## INSTRUCTIONS TO FOLLOW:
Copy the lines of the data below exactly, starting at the first and stopping after the line that contains "Luxurious 2017 Princess"; include no pictures.

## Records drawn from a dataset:

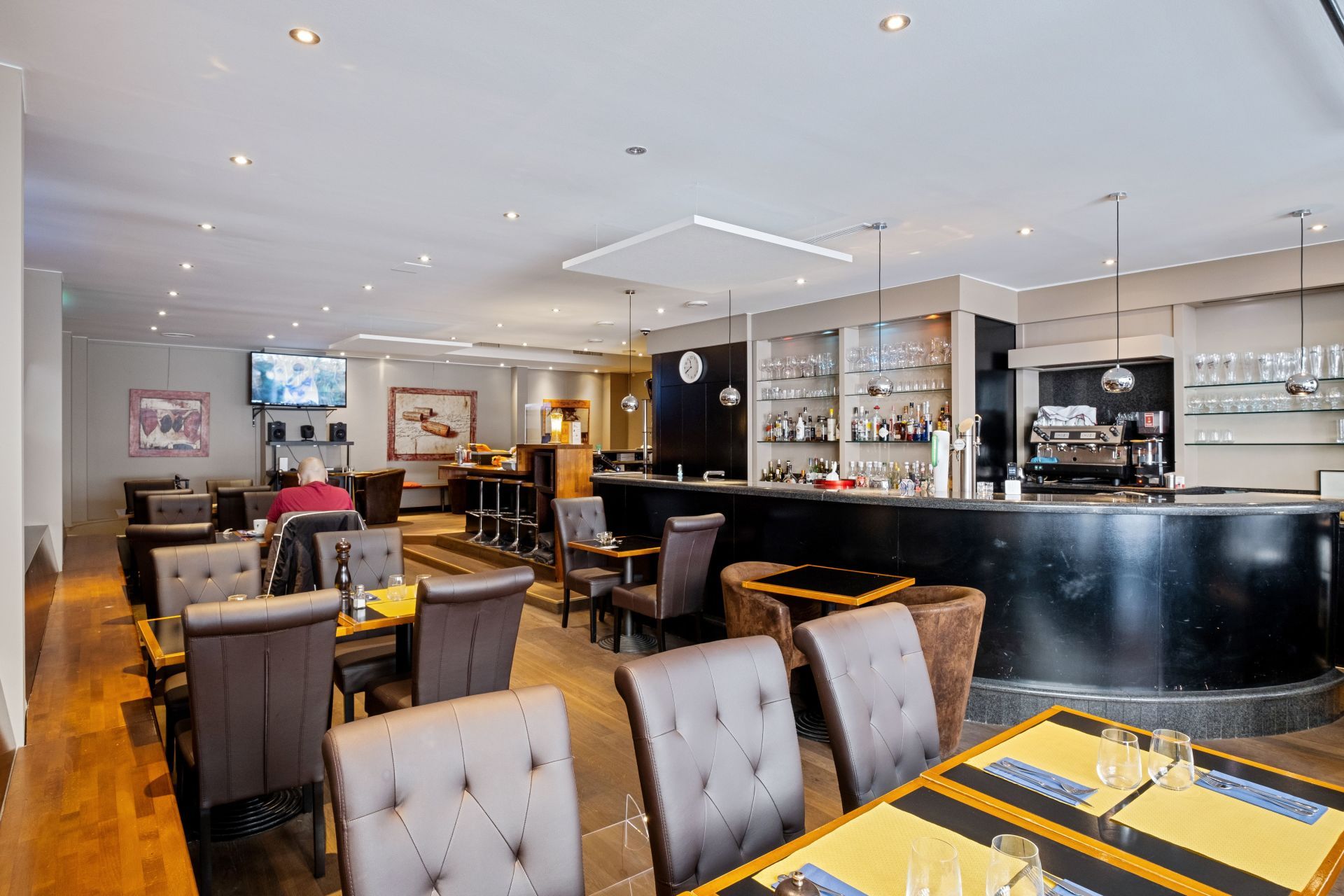 Moderne Hotellounge mit gepolsterten Sesseln, Esstischen und einer geschwungenen schwarzen Bar unter sanfter Beleuchtung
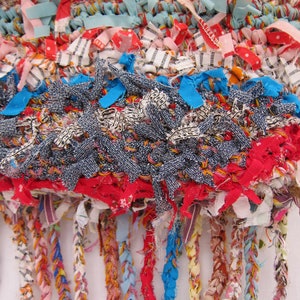 May include: A colorful woven rug with a fringe made of various fabrics, including denim, red, blue, and white. The rug is made with a variety of textures and patterns.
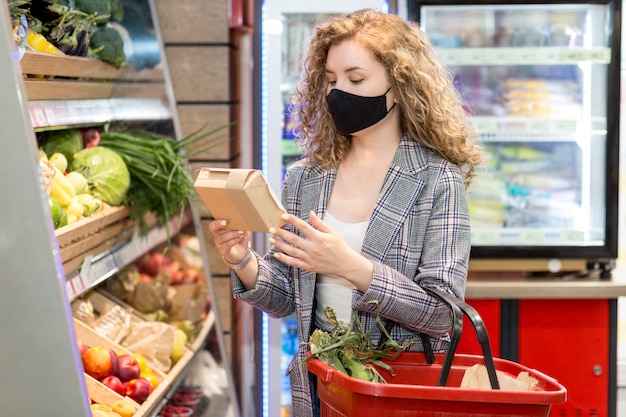 Frau mit Maske, die Lebensmittel kauft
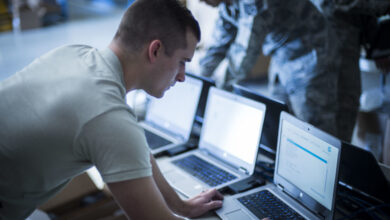 Cyber operator installs software to a laptop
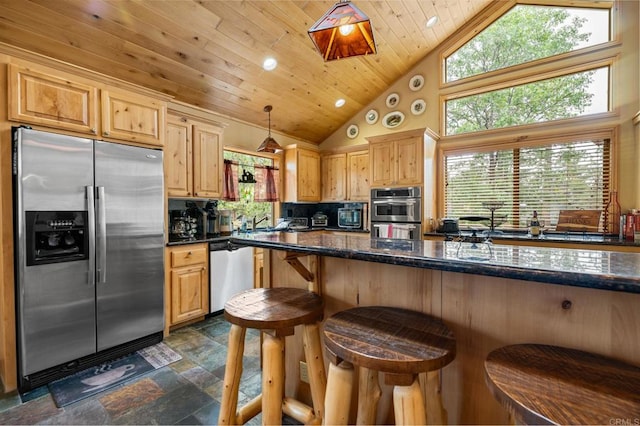 kitchen featuring dark tile patterned floors, stainless steel appliances, hanging light fixtures, decorative backsplash, and high vaulted ceiling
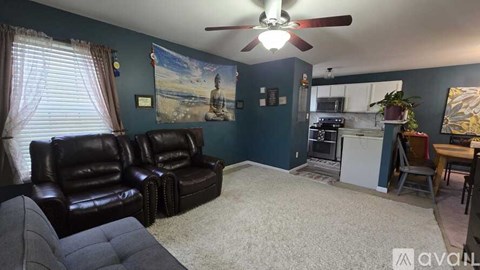 A living room with a black leather couch and a ceiling fan.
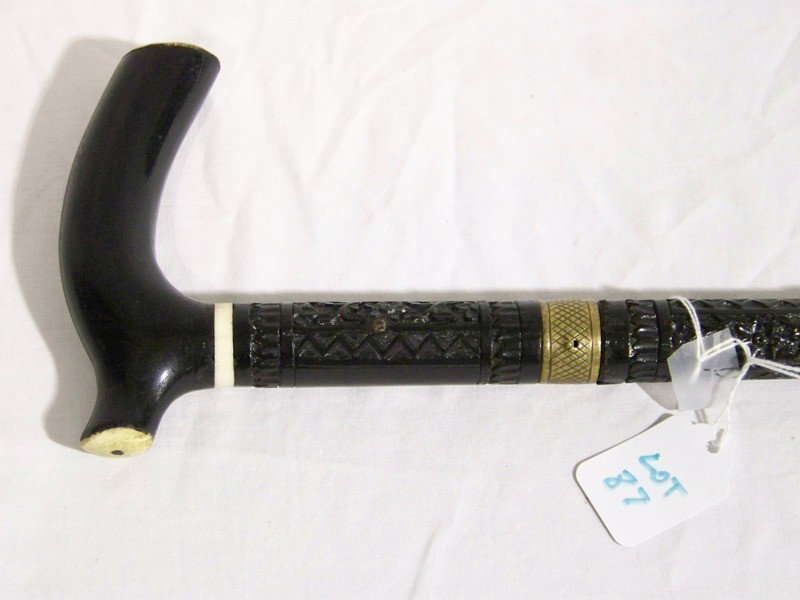 Great Antique Pierced Carved Walking Stick w/ Sword: Great Antique Pierced Carved Walking Stick w/ Sword. Has carving at top and on base also has a Ivory or Bone inlaid on shaft and top oh handle.Has a brass slide lock switch. Sword is app. 31 1/2" long
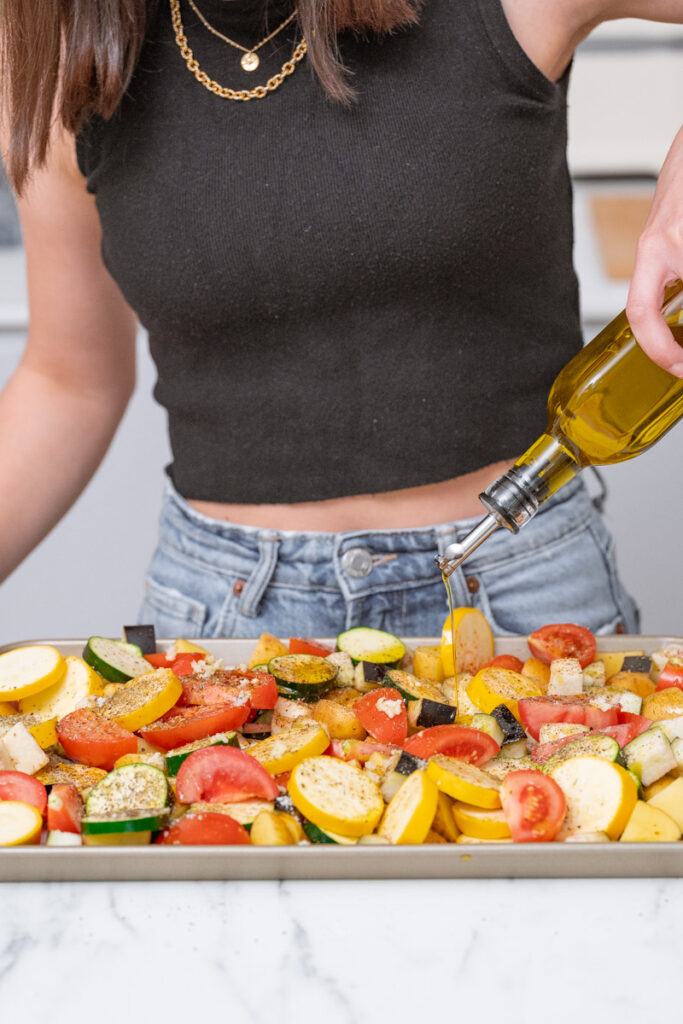 A person dressed in a black top and jeans pours olive oil onto a tray of sliced vegetables, including tomatoes, zucchini and yellow squash, in a kitchen.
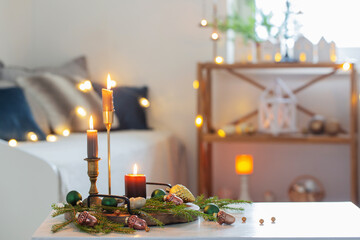 burning candles with christmas decor in white cozy interior
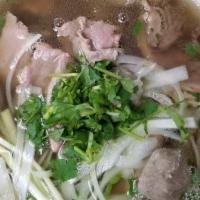 Special Combination Beef Noodle Soup · Slices of eye round steak, flank, shredded tripe, tendon, and meatballs.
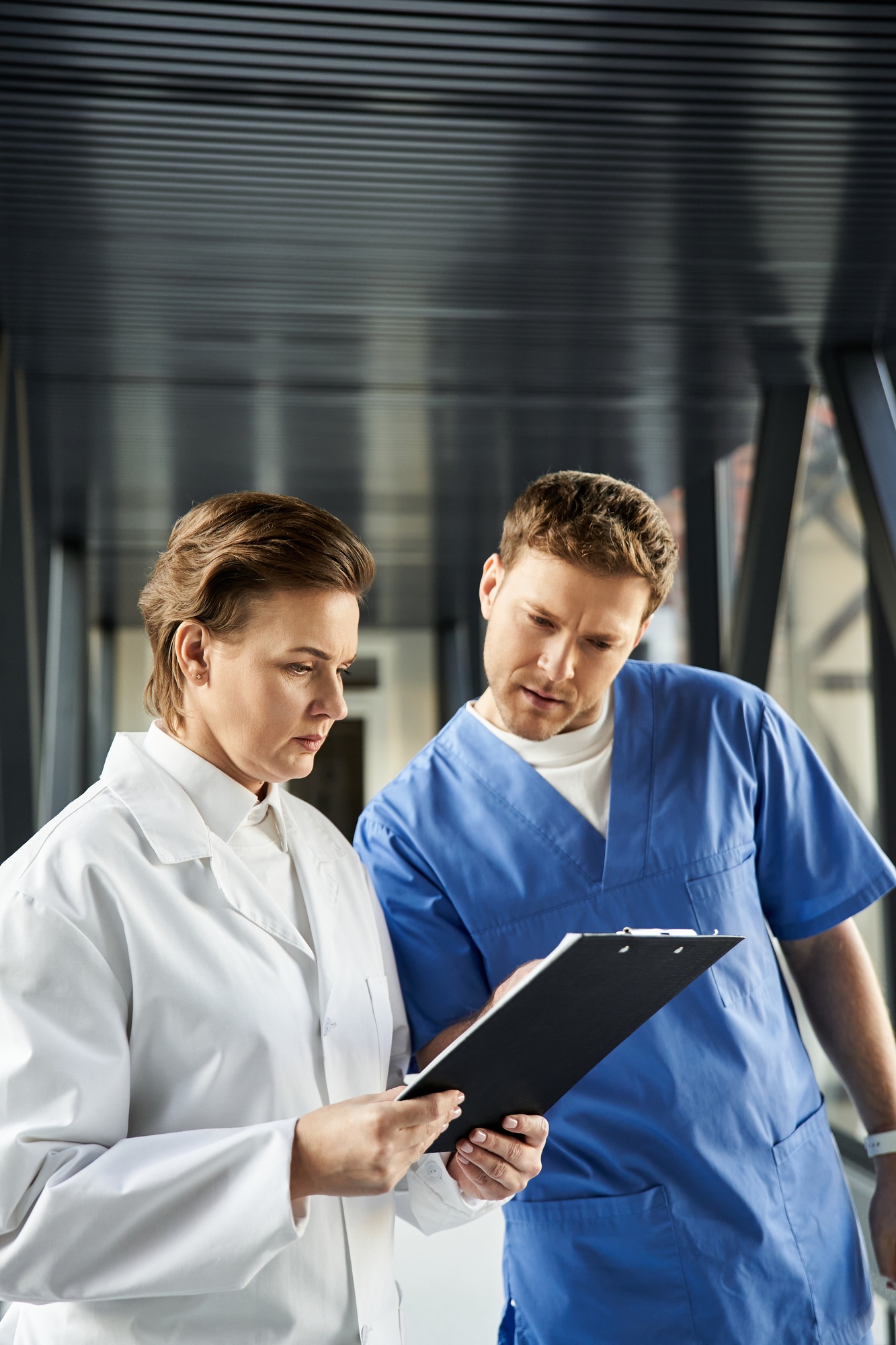Doctors work together in hospital hallway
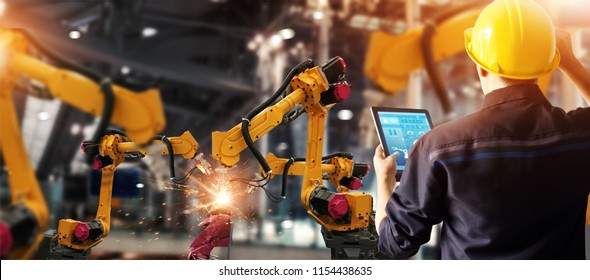 Engineer check and control welding robotics automatic arms machine in intelligent factory automotive industrial with monitoring system software. Digital manufacturing operation. Industry 4.0 - Shutterstock ID 1154438635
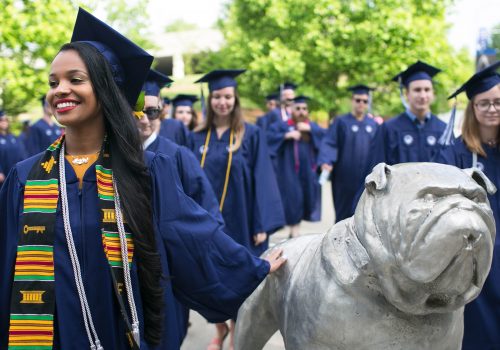 Graduate patting Rocky statue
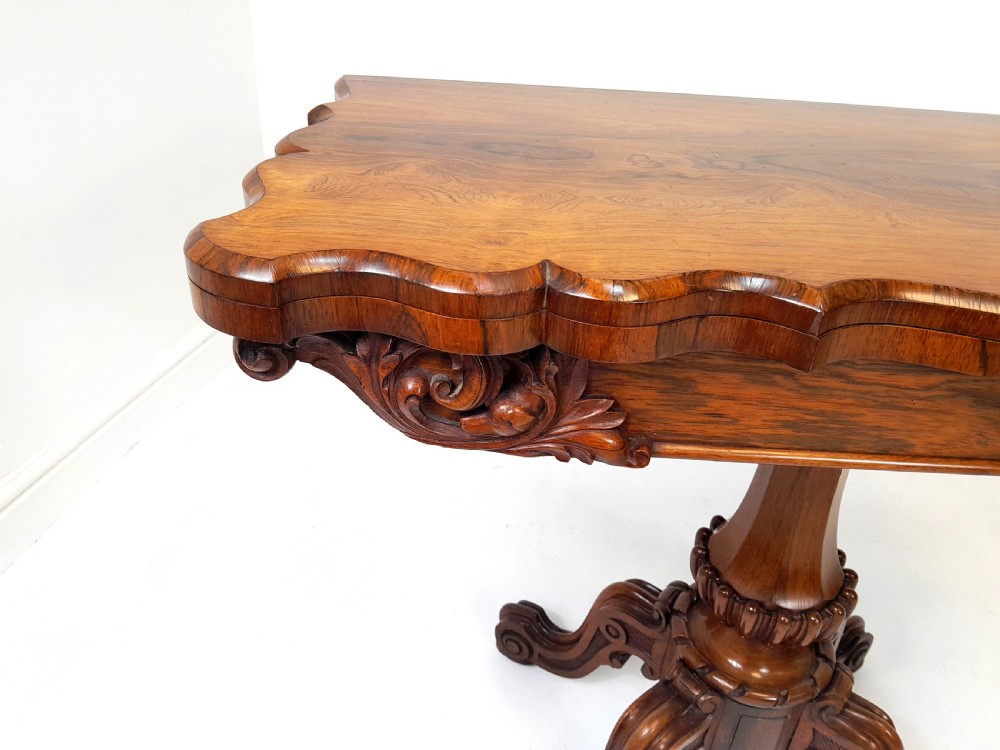 An antique Victorian rosewood card table featuring a serpentine shaped top, carved scroll frieze, central turned pedestal, and a carved quadform base. View III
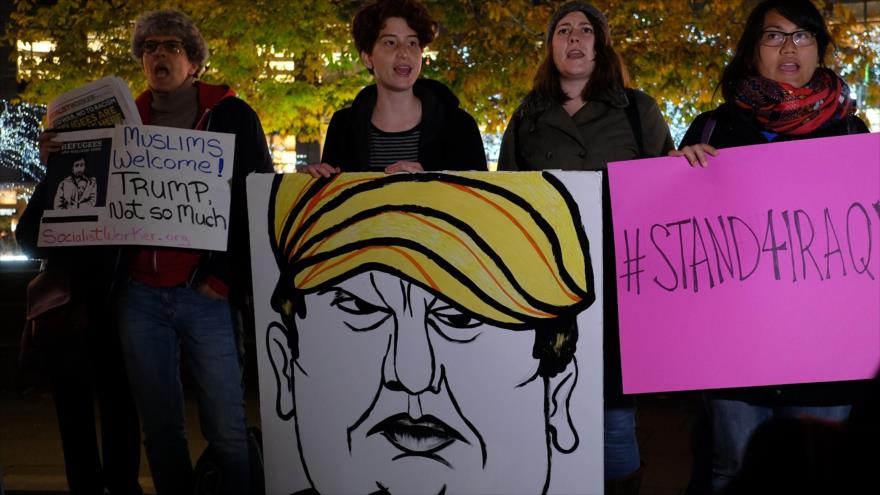 Activistas pro derechos humanos y miembros de la comunidad musulmana sostienen pancartas en contra de las declaraciones antimusulmanes del candidato presidencial Donald Trump durante una manifestación de solidaridad con los refugiados sirios e iraquíes en Nueva York, 10 de diciembre de 2015.
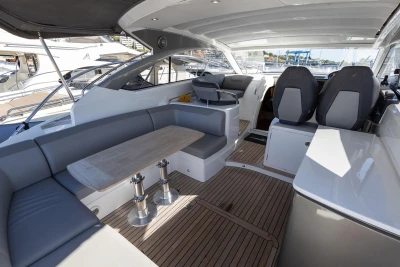 Luxurious 2017 Princess V40 yacht interior with seating and wooden flooring.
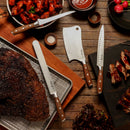 A top-down view of a wooden table displays the Messermeister Avanta Pakkawood Flexible Boning Knife (7"), along with other kitchen knives, a cutting board, cooked brisket, ribs, chicken wings, dipping sauces, spices, and salad.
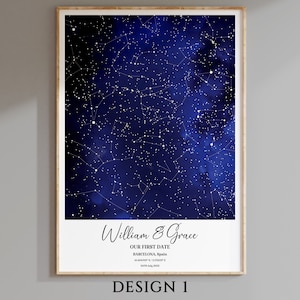 May include: A navy blue watercolor background with white stars and constellations. The text "William & Grace" is written in cursive at the bottom of the image, along with the text "Our First Date", "Barcelona, Spain", "41.404700&deg; N, 2.175122&deg; E", and "24th July 2022".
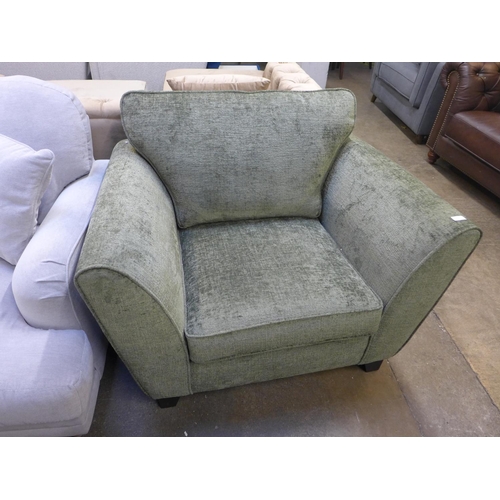 1450 - A moss green textured velvet upholstered oversized armchair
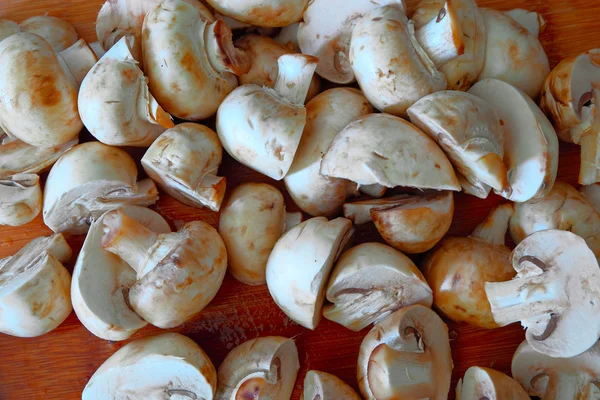 White raw champignon closeup on a wooden table. Above view of  group  mushrooms — Stock Photo, Image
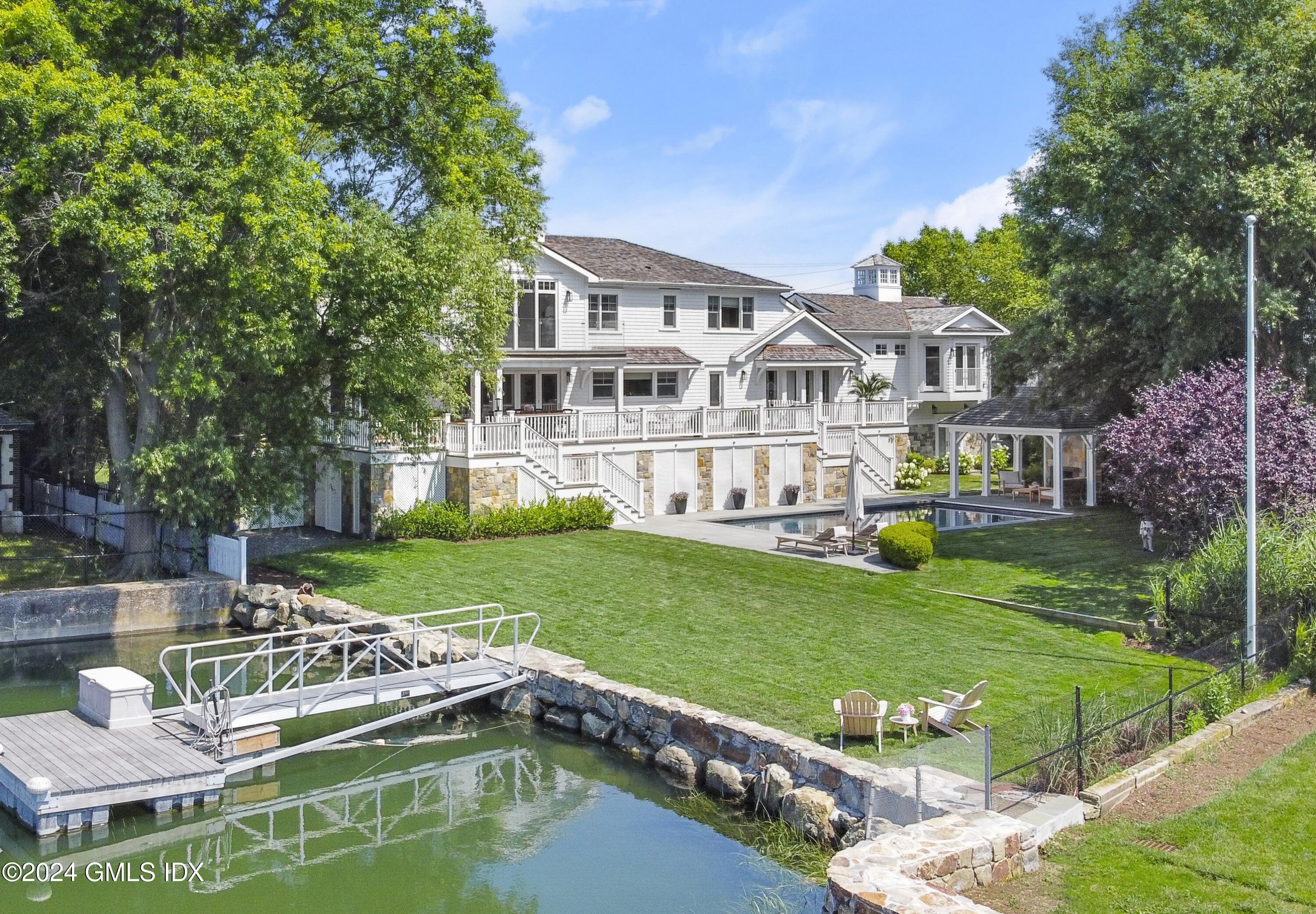 195 Shore Road Old Greenwich, CT 06870 - Photo 1 of 39 a view of a house with backyard sitting area and pool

## ANSWER TO THE PROBLEM:
 Moderne Hotellounge mit gepolsterten Sesseln, Esstischen und einer geschwungenen schwarzen Bar unter sanfter Beleuchtung
 May include: A colorful woven rug with a fringe made of various fabrics, including denim, red, blue, and white. The rug is made with a variety of textures and patterns.
 Frau mit Maske, die Lebensmittel kauft
 Cyber operator installs software to a laptop
 kitchen featuring dark tile patterned floors, stainless steel appliances, hanging light fixtures, decorative backsplash, and high vaulted ceiling
 A living room with a black leather couch and a ceiling fan.
 Great Antique Pierced Carved Walking Stick w/ Sword: Great Antique Pierced Carved Walking Stick w/ Sword. Has carving at top and on base also has a Ivory or Bone inlaid on shaft and top oh handle.Has a brass slide lock switch. Sword is app. 31 1/2" long
 A person dressed in a black top and jeans pours olive oil onto a tray of sliced vegetables, including tomatoes, zucchini and yellow squash, in a kitchen.
 burning candles with christmas decor in white cozy interior
 Special Combination Beef Noodle Soup · Slices of eye round steak, flank, shredded tripe, tendon, and meatballs.
Doctors work together in hospital hallway
 Engineer check and control welding robotics automatic arms machine in intelligent factory automotive industrial with monitoring system software. Digital manufacturing operation. Industry 4.0 - Shutterstock ID 1154438635
 Graduate patting Rocky statue
 An antique Victorian rosewood card table featuring a serpentine shaped top, carved scroll frieze, central turned pedestal, and a carved quadform base. View III
 Activistas pro derechos humanos y miembros de la comunidad musulmana sostienen pancartas en contra de las declaraciones antimusulmanes del candidato presidencial Donald Trump durante una manifestación de solidaridad con los refugiados sirios e iraquíes en Nueva York, 10 de diciembre de 2015.
 Luxurious 2017 Princess V40 yacht interior with seating and wooden flooring.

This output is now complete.